И вот вокруг вдруг заплакали люди. Обожравшийся похмельный новогодний народ,
запичканный за три дня лучшими киноблюдами своего детства, зарыдал над двумя
российскими фильмами — «Остров» Павла Лунгина и «Заяц над бездной» Тиграна
Кеосаяна.
ОСТРОВ НАД БЕЗДНОЙ
Про «Остров» много говорят и пишут, его посмотрели все или почти все. А
«Заяц над бездной» — это фильм, который увидеть можно было только случайно.
Он шел 1 января перед ожидаемой 50—60-летними «Карнавальной ночью-2». «Опять
про Брежнева!» — восклицали они и быстро переключались на другие каналы.
Сорокалетки отвернулись тоже: они любят говорить о той эпохе, но им
неинтересно слушать других. А молодежь колбасилась на дискотеках и горках.
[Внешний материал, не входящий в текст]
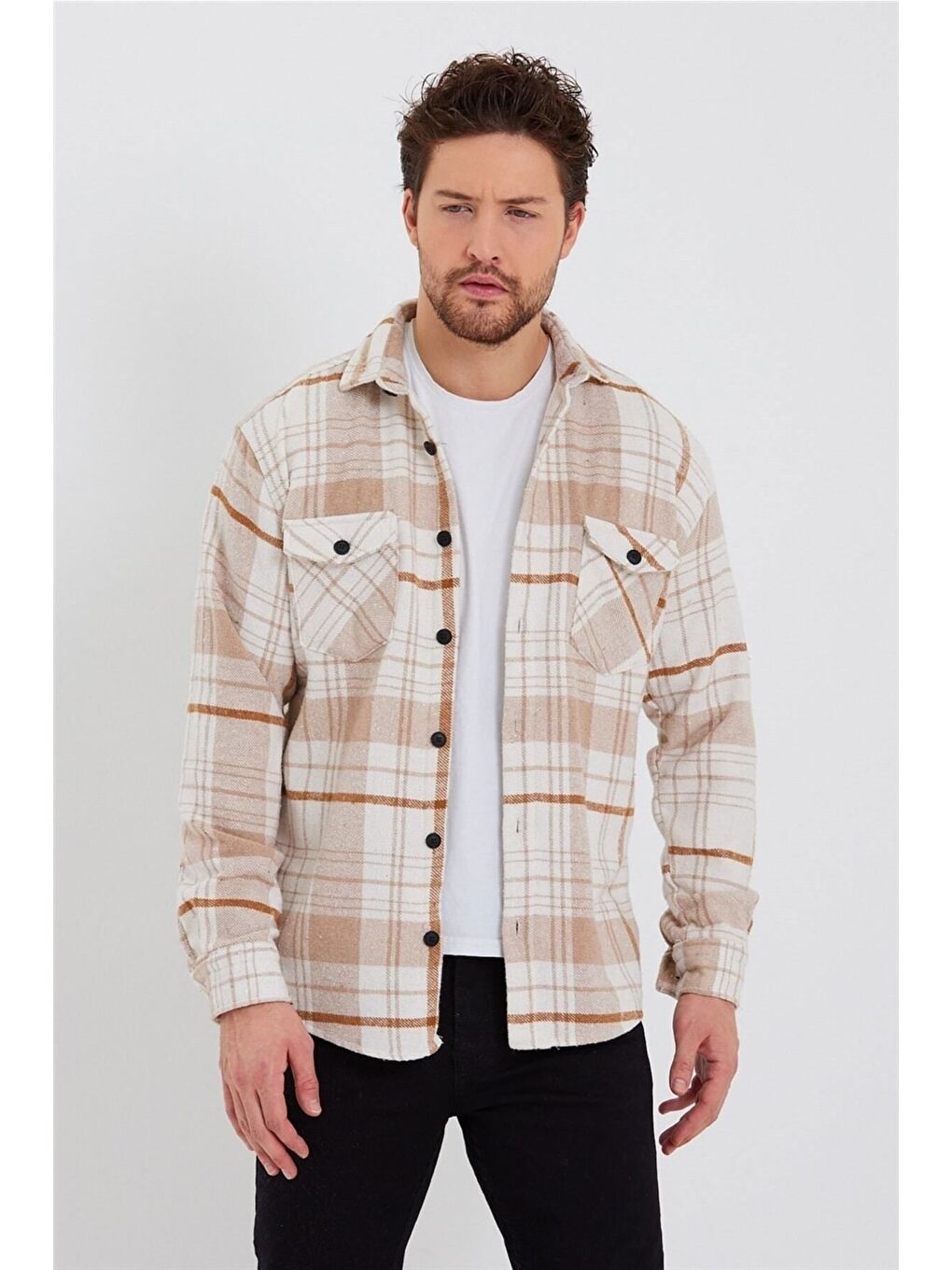 Tarz Cool Turuncu Erkek Kırık Beyaz turuncu Çift Cep Kapaklı Slim Fit Oduncu Gömlek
Так что из моих знакомых смотрели двое — печальный одинокий мужчина,
которому некуда было пойти из дому, и я. «Тут простыл слегка, и вчера не
спалось — посмотрел», — так начиналась самая первая фраза об этом кино на
одном из интернетовских форумов.
А фильм — мощный. И совершенно неожиданно создает с более прославленным
«Островом» очень органичную пару, благо — оба фильма прошли почти
одновременно.
Это — фильмы-братья. Две притчи. Одна — про жизнь, другая — про смерть. Одна
— грустная, другая — смешная. Плачут и над той, и над другой — потому, что
каждый льет слезы о себе. Кому не хватает любви, больше затоскует над
«Зайцем». В ком недостаточно веры, зарыдает под «Остров». Ведь первый — о
любви, а второй — о вере. Хотя первый — всего лишь сказка, а второй —
православная агитка.
Первый — лубок, второй — плакат. Оба — набор предельно доступных символов.
Местами — и вовсе по-советски четких штампов. Но символы подобраны и поданы
так мастерски, а штампы так по-детски искренне раскрашены, что «Заяц над
бездной» поражает достоверностью сказки, а «Остров» — обыденностью чуда.
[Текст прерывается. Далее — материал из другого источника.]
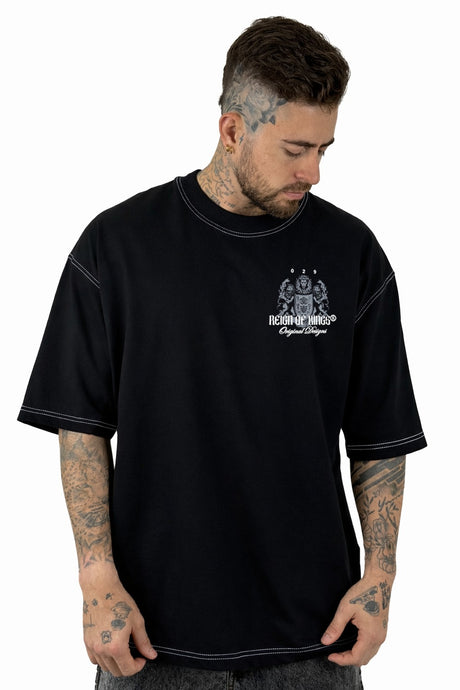 Oversize Negra Reign Of Kings Hilo Blanco  Alto Gramaje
Привычна фраза «культовое кино», но не было еще у нас производственных
фильмов о служителях культа. В этом плане «Остров» — культовое кино. А в
первую очередь, это история о том, как раскаяние прожгло в душе человека
такую дыру, что сквозь нее засияло Небо.
«Заяц над бездной», подобно восточным шедеврам, выкован на острие иглы,
которая — в яйце, яйцо — в утке, а утка, соответственно, — в зайце. Искусно
сделанные шкатулки — одна в другой. Причем все шкатулки — музыкальные. Фильм
начинается как анекдот про Брежнева, потом оборачивается сказкой про то, как
царь цыгана женил, а в конце оказывается и вовсе сном о недостижимой
свободе.
Ведь на самом деле, оба фильма — о свободе.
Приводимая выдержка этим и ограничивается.